Self-hosting Language Models (nip.language_model_server)

Self-hosting Language Models (nip.language_model_server)#

Overview#

The language model server provides a way to host open-weight language models. It is designed so that interacting with it is similar to using the OpenAI API. The main caveat is that inference and training need to be done with separate services.

The language model server consists of the following components:

  • A vLLM server that provides inference access to a model, with an OpenAI-compatible API.

  • A training service which is accessed using a subset of the OpenAI API.

  • A manager service which starts and stops the vLLM server, allowing for easy switching between models.

The manager service and inference service use the same port, and have the endpoints documented below. The vLLM server runs on its own port, so must be accessed using a different client.

Server API#

POST /vllm/start#

Start the vLLM server with the specified model.

Request JSON Object:
  • model_name (string) – The name of the model to serve with vLLM. Must be a valid model name that vLLM can load.

Response JSON Object:
  • message (string) – A message indicating that the vLLM server has started.

  • model_name (string) – The name of the model that was started.

  • port (int) – The port that the vLLM server is running on.

POST /vllm/stop#

Stop the vLLM server.

Request JSON Object:
  • ignore_not_running (bool) – If True, will not raise an error if the server is not running.

Response JSON Object:
  • message (string) – A message indicating that the vLLM server has stopped.

GET /vllm/status#

Get the status of the vLLM server.

Response JSON Object:
  • status (string) –

    The status of the vLLM server, which can be one of:

    • ”online”: The server is running and accepting connections.

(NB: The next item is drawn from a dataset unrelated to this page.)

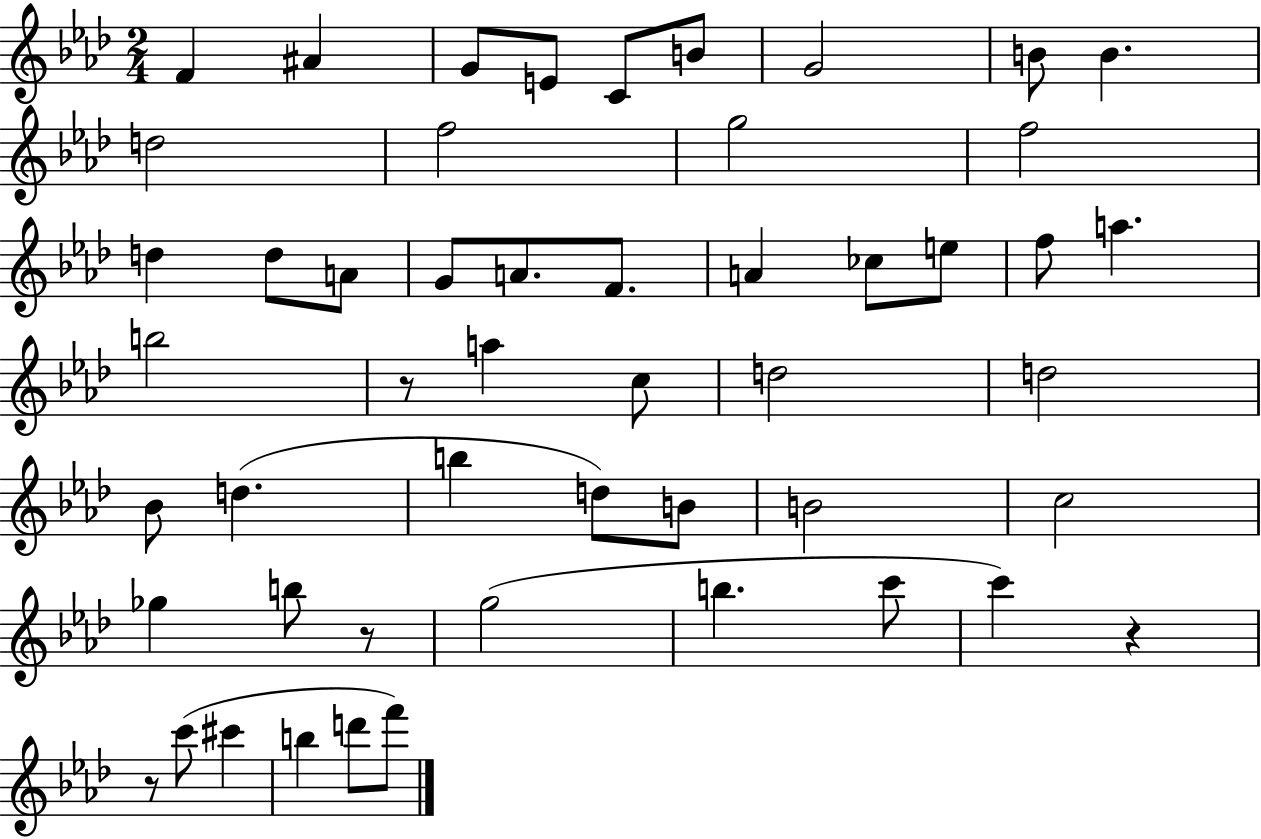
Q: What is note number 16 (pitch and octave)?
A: A4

    • ”not_started”: The server has not been started.

    • ”exited”: The server has exited unexpectedly.

    • ”not_accepting_connections”: The server is running but not accepting connections. This can happen if the server is still starting up or if it has crashed.

    • ”server_error”: A 5xx error occurred when trying to connect to the server.

    • ”other_error”: Any other error occurred when trying to connect to the server.

  • error (string) – An error message if the server is not online.

Modules#

server

A server which allows for controlling vLLM and doing language model training.

client

A client for interacting with the self-hosting language model server.

types

Types for the language model server, including request and response structures.

exceptions

Exceptions for the language model server and client.